ASSIGNED TASK
Your task is to find every line of the data that holds the string "Apartamento" and copy it.

EXERCISE MATERIALS

━━━━━━━━━━

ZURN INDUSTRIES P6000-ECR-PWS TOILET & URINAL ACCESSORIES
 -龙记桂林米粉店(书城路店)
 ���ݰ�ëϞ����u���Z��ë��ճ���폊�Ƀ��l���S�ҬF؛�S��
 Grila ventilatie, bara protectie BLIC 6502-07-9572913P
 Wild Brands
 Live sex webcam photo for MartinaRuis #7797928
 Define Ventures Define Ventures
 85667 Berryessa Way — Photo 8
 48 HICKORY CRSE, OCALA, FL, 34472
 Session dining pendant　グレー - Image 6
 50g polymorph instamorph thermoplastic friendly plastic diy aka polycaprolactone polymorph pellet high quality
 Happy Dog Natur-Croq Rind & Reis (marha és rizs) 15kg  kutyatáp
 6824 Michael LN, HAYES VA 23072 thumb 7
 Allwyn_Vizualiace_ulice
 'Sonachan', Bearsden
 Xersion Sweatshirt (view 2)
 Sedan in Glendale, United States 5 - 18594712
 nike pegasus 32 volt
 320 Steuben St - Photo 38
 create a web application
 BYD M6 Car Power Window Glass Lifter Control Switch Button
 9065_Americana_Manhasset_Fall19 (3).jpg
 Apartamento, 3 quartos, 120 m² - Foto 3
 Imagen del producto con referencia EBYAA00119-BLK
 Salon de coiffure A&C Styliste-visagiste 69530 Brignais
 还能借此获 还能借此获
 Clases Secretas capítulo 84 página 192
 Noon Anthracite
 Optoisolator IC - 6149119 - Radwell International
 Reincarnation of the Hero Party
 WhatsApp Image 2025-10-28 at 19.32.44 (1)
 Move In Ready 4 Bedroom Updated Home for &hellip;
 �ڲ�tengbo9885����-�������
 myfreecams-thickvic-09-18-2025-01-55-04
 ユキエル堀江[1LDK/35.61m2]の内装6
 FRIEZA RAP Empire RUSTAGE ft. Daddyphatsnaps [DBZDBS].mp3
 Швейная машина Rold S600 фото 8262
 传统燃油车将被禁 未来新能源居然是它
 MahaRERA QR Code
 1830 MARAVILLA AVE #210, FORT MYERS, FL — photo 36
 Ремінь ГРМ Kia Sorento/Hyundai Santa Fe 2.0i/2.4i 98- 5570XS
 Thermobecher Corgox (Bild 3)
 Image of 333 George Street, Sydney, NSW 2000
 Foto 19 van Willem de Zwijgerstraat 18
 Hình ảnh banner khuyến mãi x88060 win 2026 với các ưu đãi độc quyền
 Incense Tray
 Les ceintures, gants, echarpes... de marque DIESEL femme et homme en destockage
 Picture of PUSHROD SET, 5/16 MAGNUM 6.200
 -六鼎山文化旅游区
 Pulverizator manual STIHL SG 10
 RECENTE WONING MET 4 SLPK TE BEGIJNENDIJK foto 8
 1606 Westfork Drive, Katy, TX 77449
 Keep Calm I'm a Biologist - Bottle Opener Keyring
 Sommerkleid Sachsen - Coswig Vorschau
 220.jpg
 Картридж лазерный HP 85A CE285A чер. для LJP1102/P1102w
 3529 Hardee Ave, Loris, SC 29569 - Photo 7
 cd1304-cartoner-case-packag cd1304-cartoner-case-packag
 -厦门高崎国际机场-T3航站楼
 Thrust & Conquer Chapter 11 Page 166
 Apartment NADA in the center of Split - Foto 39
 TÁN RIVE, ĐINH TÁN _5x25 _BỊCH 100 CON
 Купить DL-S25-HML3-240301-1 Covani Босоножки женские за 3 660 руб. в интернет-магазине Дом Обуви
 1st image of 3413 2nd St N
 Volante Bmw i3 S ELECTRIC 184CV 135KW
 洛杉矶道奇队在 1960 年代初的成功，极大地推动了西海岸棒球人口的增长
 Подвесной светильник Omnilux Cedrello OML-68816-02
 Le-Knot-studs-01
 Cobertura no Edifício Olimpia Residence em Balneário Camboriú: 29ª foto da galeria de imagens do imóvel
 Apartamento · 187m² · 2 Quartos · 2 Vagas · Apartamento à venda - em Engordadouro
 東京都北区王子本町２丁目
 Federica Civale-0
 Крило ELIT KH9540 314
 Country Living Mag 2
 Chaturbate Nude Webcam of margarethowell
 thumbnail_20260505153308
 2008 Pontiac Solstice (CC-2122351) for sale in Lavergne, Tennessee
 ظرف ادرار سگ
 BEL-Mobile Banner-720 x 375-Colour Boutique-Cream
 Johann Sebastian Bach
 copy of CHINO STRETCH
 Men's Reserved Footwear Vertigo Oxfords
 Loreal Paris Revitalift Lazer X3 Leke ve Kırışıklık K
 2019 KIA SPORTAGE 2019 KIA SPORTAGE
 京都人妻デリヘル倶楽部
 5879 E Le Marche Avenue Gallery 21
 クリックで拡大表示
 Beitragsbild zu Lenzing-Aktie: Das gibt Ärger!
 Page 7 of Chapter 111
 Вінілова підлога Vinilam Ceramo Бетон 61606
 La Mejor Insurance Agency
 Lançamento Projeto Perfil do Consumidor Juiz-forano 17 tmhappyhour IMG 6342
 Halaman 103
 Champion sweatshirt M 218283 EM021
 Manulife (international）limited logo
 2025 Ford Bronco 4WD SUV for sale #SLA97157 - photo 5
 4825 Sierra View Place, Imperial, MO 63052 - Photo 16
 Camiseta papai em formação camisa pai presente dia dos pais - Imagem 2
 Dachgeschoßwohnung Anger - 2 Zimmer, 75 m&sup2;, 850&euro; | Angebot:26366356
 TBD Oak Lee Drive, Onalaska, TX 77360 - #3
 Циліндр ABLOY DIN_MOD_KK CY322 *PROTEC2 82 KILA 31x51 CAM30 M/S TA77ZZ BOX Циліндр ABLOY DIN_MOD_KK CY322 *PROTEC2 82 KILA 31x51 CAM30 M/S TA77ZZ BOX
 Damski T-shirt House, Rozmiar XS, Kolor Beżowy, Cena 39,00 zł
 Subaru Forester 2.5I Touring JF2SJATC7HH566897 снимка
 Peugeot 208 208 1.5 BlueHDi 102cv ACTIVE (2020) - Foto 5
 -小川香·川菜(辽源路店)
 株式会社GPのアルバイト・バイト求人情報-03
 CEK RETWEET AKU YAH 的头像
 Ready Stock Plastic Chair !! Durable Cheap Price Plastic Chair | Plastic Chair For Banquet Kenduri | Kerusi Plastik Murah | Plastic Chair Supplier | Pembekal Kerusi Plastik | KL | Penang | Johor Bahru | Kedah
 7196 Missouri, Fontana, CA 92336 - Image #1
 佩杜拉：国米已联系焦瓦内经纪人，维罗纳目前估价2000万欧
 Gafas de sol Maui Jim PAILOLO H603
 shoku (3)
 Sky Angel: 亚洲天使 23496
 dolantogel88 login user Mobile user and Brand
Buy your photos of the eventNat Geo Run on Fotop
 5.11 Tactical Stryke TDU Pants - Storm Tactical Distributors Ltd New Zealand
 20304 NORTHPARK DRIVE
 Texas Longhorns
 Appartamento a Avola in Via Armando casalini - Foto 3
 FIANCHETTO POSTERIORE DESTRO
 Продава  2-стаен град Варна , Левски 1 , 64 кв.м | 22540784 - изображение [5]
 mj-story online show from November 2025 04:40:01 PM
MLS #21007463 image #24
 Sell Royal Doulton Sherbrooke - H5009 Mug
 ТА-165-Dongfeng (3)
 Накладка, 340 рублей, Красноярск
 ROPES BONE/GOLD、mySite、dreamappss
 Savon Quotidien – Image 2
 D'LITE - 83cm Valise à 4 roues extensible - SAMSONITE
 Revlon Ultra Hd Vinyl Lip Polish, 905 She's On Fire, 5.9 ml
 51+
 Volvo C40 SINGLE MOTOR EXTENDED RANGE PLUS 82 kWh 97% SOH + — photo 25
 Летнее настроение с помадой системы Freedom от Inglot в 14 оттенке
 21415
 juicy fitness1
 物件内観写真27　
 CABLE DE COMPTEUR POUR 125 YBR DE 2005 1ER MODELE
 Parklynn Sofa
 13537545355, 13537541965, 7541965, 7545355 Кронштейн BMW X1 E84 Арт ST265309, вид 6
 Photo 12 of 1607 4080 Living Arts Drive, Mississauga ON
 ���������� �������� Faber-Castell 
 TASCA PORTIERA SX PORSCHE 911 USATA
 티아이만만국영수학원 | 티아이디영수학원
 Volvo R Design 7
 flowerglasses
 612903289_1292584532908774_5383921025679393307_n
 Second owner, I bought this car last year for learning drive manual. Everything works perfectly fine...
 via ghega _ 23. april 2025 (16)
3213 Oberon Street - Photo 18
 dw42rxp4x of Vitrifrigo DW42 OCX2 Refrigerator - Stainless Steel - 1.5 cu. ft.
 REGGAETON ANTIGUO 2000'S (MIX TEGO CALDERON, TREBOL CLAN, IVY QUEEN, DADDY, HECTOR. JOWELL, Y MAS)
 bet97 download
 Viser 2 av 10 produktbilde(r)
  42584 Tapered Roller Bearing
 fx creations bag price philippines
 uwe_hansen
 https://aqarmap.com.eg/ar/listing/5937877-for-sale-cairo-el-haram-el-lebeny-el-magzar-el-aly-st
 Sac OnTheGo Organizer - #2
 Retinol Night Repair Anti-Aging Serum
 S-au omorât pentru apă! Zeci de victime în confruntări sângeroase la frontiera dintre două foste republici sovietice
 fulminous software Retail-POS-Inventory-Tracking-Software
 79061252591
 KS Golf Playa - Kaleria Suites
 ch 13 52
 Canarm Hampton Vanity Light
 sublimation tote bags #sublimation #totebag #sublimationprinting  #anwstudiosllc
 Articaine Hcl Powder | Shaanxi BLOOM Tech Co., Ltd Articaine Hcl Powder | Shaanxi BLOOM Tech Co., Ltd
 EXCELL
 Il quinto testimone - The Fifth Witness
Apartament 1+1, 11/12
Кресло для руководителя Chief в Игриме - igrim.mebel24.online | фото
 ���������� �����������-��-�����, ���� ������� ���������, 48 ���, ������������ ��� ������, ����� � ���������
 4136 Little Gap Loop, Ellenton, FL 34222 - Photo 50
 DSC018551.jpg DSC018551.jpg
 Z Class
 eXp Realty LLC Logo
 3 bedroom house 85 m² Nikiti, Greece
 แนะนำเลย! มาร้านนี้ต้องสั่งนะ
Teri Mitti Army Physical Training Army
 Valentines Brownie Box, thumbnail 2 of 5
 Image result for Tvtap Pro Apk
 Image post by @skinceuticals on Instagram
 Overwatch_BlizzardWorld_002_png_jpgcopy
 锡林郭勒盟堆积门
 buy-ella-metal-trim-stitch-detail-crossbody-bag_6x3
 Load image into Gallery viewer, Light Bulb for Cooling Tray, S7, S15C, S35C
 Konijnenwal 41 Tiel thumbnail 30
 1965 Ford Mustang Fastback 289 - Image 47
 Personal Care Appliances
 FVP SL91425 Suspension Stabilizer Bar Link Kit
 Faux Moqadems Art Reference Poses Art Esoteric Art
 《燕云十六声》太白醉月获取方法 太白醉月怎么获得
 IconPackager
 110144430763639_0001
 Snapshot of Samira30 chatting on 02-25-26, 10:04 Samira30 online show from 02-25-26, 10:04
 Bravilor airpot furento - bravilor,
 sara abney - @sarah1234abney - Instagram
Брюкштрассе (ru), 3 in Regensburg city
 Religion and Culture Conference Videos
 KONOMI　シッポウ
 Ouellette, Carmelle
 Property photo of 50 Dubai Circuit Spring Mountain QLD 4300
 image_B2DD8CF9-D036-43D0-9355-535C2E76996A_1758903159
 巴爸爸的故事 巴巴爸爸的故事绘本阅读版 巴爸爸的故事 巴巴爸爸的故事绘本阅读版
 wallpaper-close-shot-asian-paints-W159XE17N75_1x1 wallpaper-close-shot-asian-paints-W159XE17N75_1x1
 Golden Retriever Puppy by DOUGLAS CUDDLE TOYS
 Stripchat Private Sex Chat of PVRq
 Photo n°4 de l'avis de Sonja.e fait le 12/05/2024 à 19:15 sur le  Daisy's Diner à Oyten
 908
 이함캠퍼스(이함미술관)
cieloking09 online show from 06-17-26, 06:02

━━━━━━━━━━

ANSWER FOR THIS EXERCISE
 Apartamento, 3 quartos, 120 m² - Foto 3
 Apartamento · 187m² · 2 Quartos · 2 Vagas · Apartamento à venda - em Engordadouro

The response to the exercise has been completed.